### ASSIGNED TASK
No pictures belong in the copy. Retype exactly, and only, the stretch of lines below from the one with "Sofubi Figure - Yotsuba&! / Danbo" through the one with "Ray-Ban RB3778 002/B1 57".

### THE DATA
--- --- ---

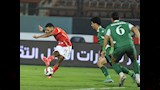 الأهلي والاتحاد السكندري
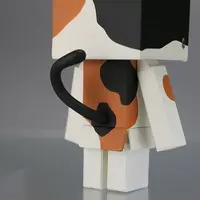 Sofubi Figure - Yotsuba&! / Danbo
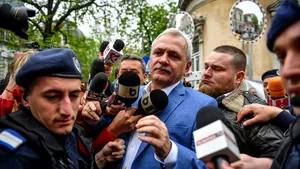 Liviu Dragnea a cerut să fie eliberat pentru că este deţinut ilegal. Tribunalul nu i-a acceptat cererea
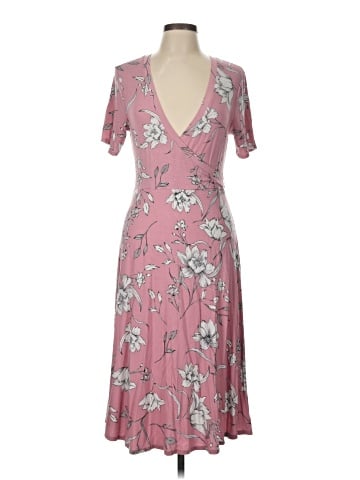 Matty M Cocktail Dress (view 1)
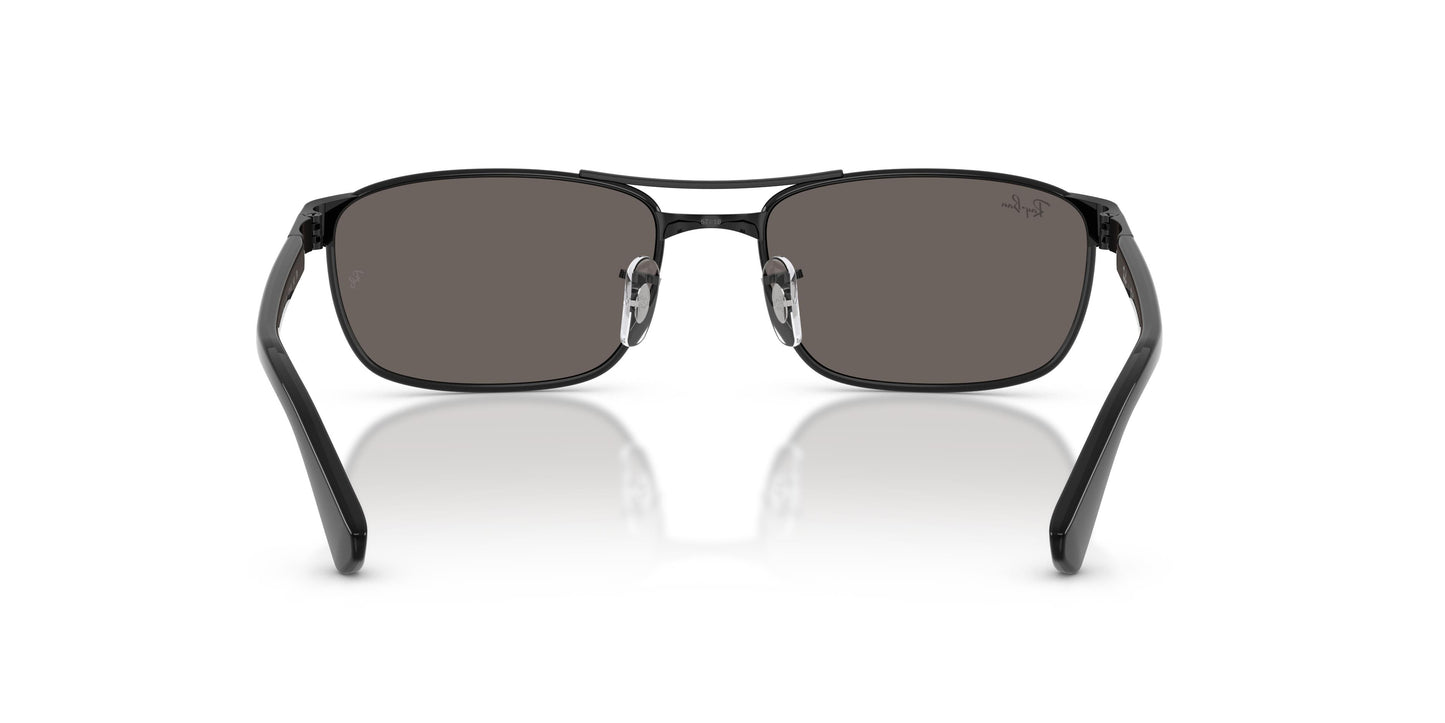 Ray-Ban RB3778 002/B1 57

--- --- ---

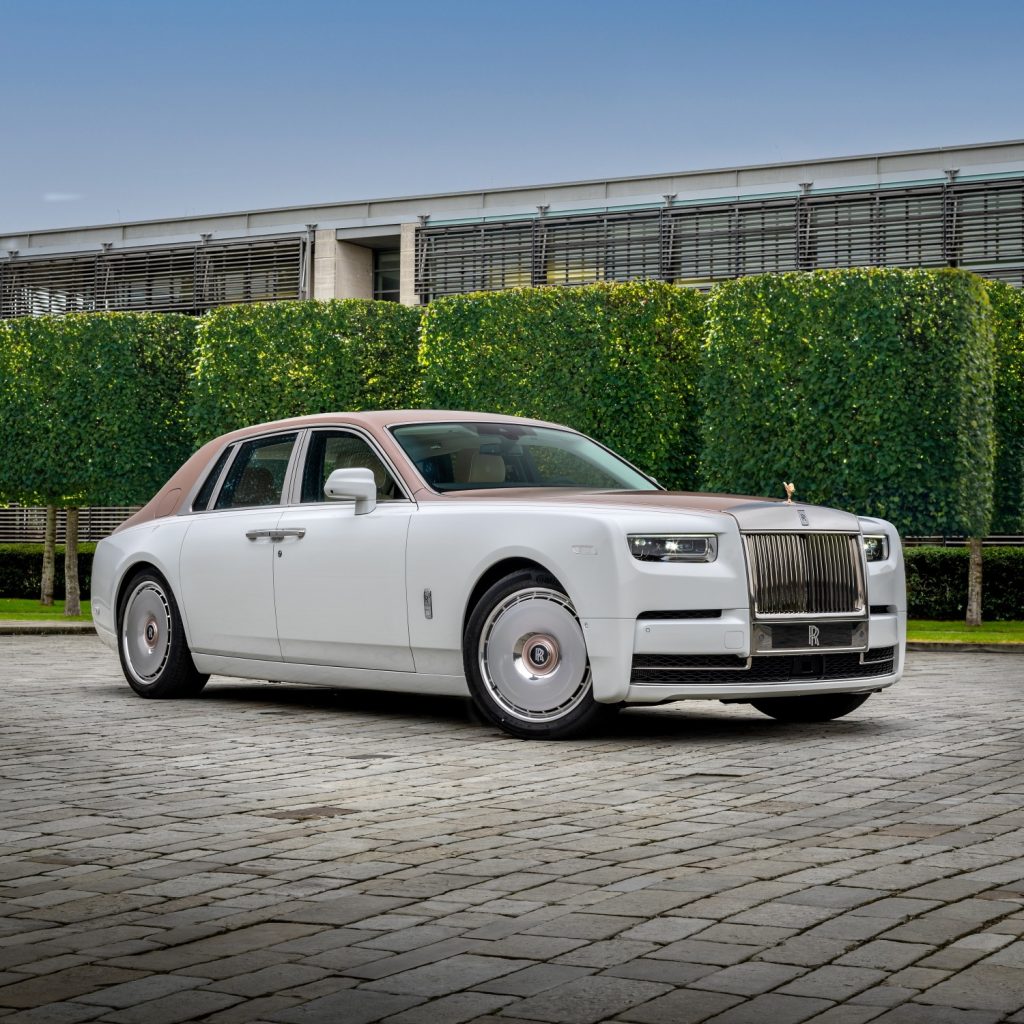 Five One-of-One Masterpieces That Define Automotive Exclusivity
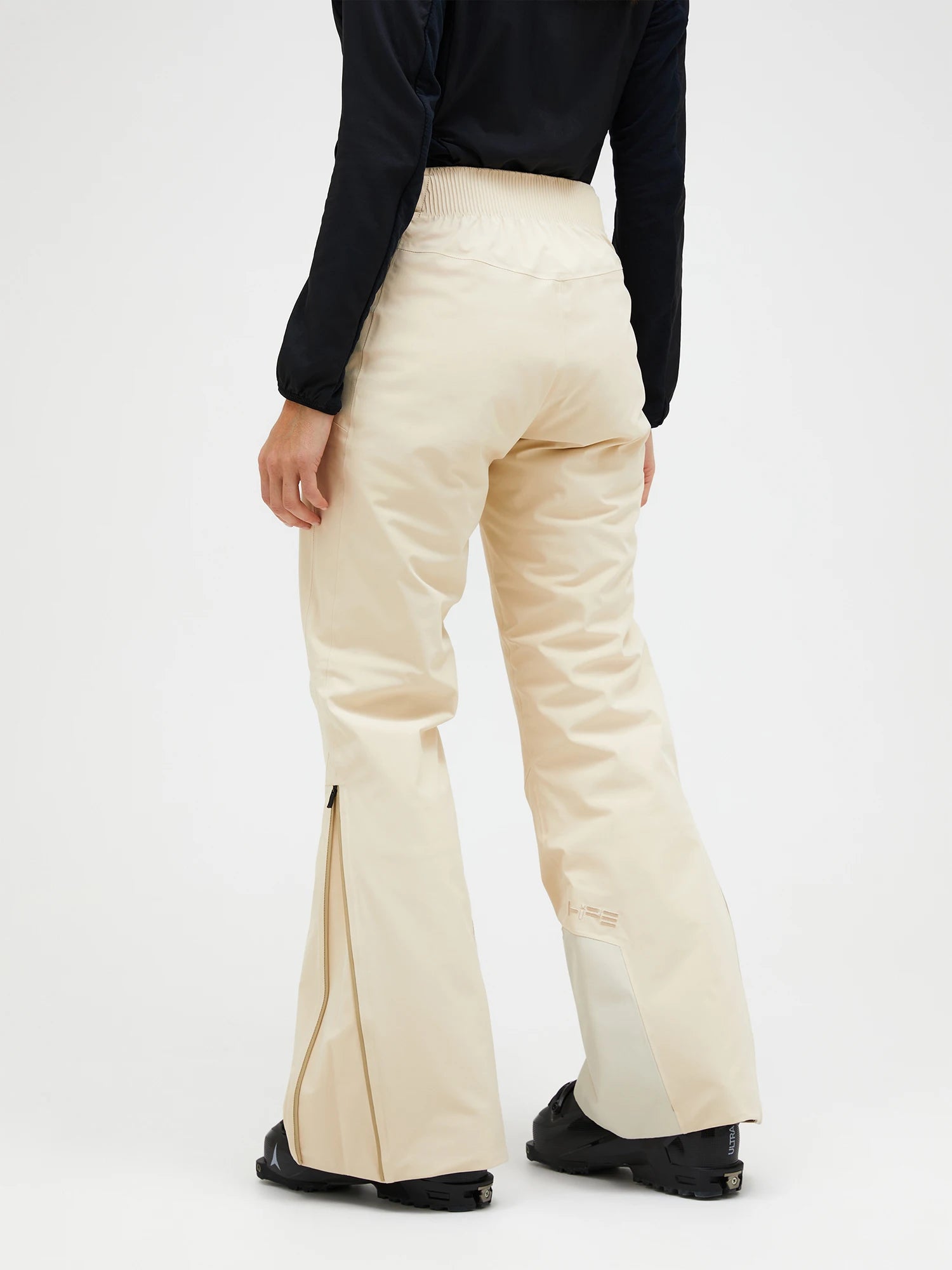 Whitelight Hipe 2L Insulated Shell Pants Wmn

--- --- ---

### RESPONSE TO THE EXERCISE
 Sofubi Figure - Yotsuba&! / Danbo
 Liviu Dragnea a cerut să fie eliberat pentru că este deţinut ilegal. Tribunalul nu i-a acceptat cererea
 Matty M Cocktail Dress (view 1)
 Ray-Ban RB3778 002/B1 57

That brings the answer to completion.